[Start of Attachment]

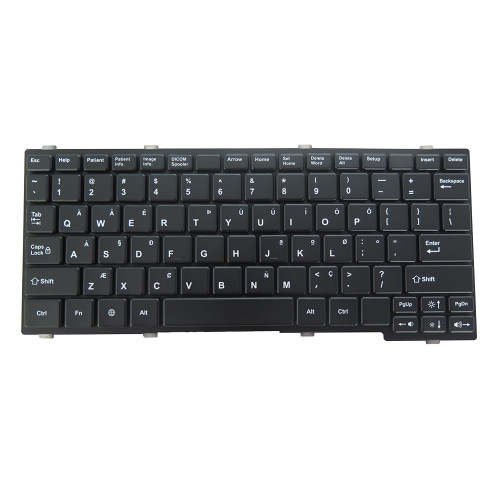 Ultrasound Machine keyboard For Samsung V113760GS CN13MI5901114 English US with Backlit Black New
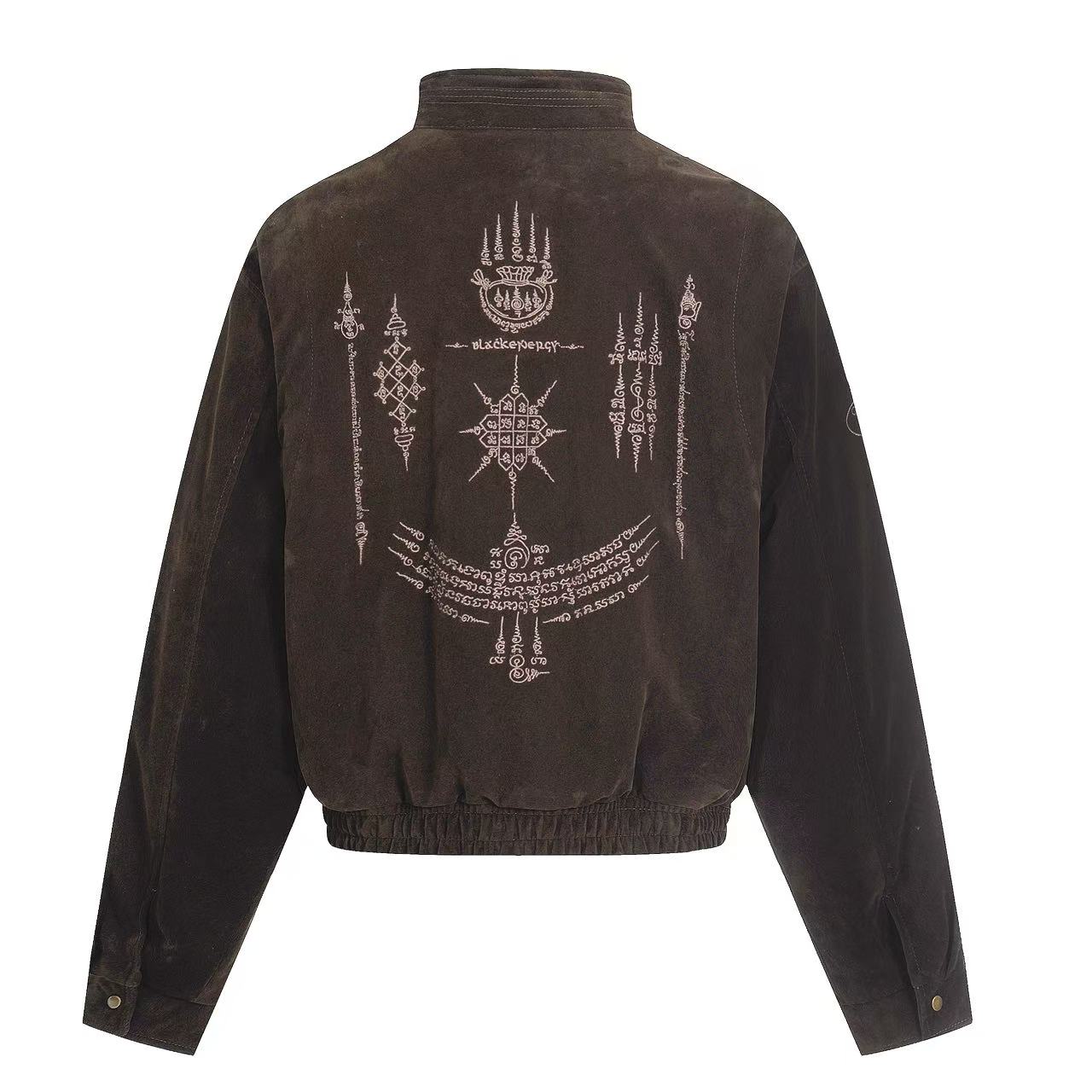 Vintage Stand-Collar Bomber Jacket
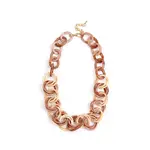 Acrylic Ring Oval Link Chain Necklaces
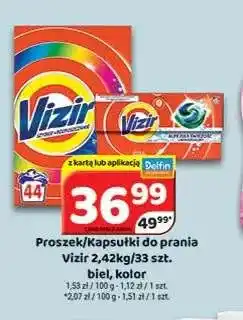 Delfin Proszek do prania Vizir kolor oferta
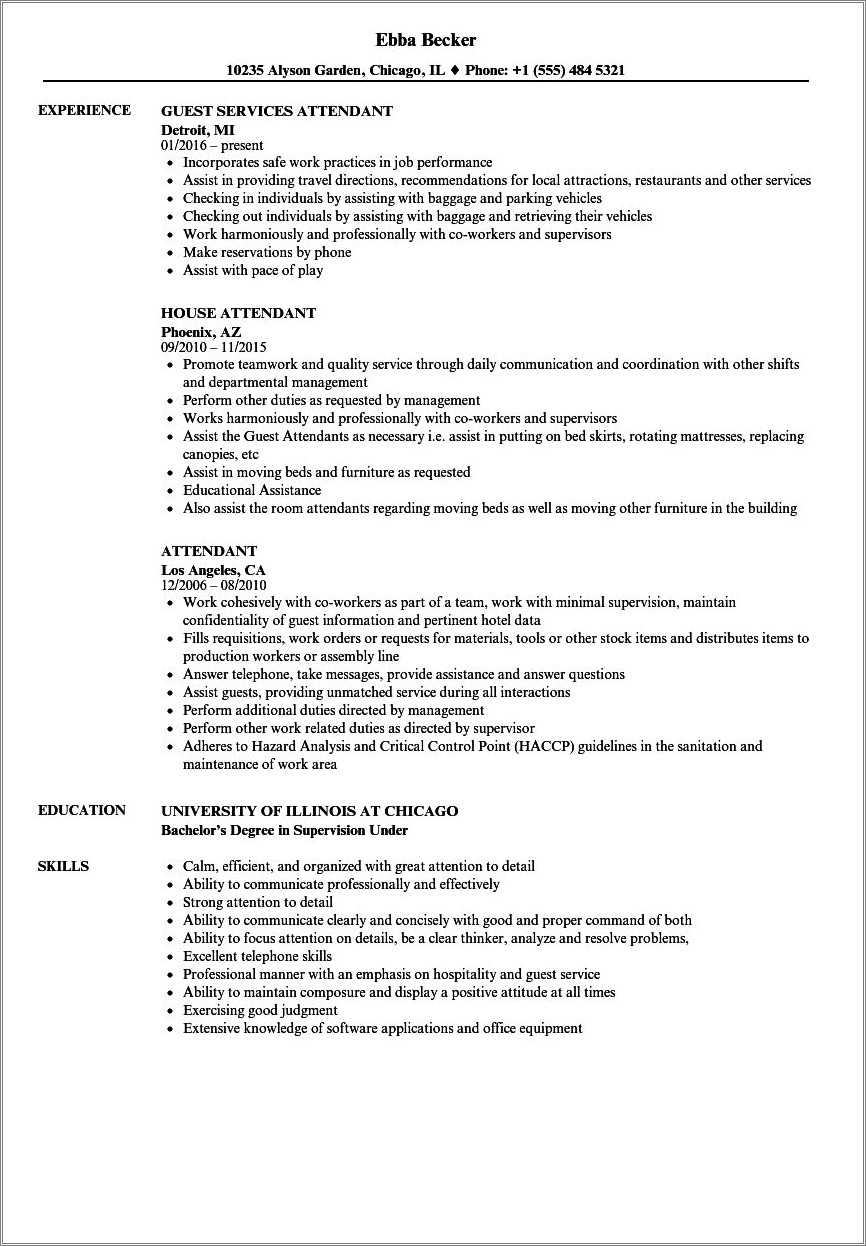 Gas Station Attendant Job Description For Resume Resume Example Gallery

[End of Attachment]

■ Work instructions: A faithful transcription of the material, with no pictures, is the expected result.

■ Response to the task:
 Ultrasound Machine keyboard For Samsung V113760GS CN13MI5901114 English US with Backlit Black New
 Vintage Stand-Collar Bomber Jacket
 Acrylic Ring Oval Link Chain Necklaces
 Delfin Proszek do prania Vizir kolor oferta
 Gas Station Attendant Job Description For Resume Resume Example Gallery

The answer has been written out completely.